Lawmakers and business leaders joined cancer survivors and other patients Friday to celebrate the official relocation of the pharmaceutical company Incyte’s headquarters to Wilmington.
Incyte Corporation was awarded a $10 million grant from the Delaware Strategic Fund and a capital expenditure grant worth more than a million dollars from the Delaware Economic Development Office in 2012 to make the move.
DEDO Director Alan Levin says those efforts to keep Incyte in Delaware reflect a commitment from Governor Jack Markell’s administration to bring jobs to the First State.
"The key to our success is really that we have a governor that is so invested in promoting this state and creating jobs. This is all his administration has been: jobs, jobs, jobs," said Levin.
Incyte’s new headquarters is located in a newly-renovated 191,000-square foot facility at the site of the former John Wanamaker building.
The building will house more than 550 employees.
Hervé Hoppenot, president and CEO of Incyte, says those employees are at the top of their fields.

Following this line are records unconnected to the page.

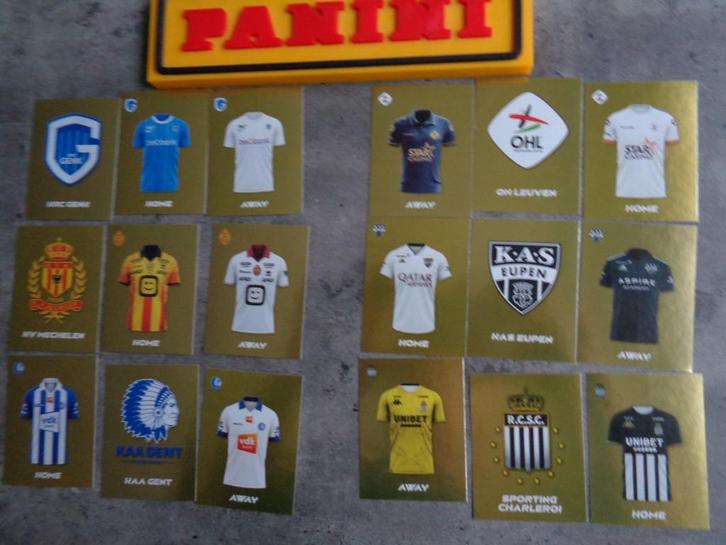 PANINI FOOTBALL 2022 18 STICKERS BADGE EN TENUE, Hobby en Vrije tijd, Stickers en Plaatjes, Nieuw, Verzenden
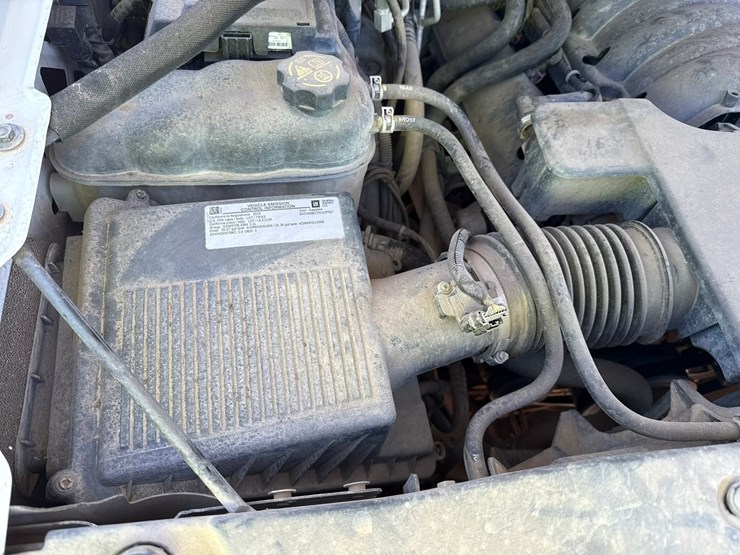 #1395-•-2019-chevrolet-silverado-4x4-pickup-truck-image-15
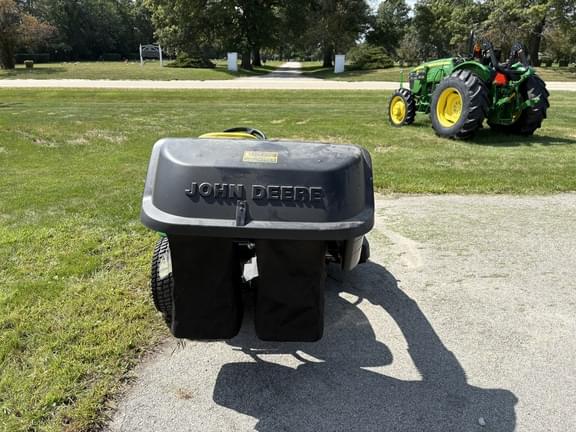Image of John Deere X380 equipment image 4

"When you think of Incyte, it’s all about a team. A team of highly skilled people. We have, in this building every day, some of the best chemists in the world, some of the best biologists in the world," said Hoppenot.
Incyte has been in the First State since 2002. It's best known for Jakafi, the first and only FDA-approved treatment for a rare and potentially life-threatening blood cancer. That drug received FDA approval in 2011.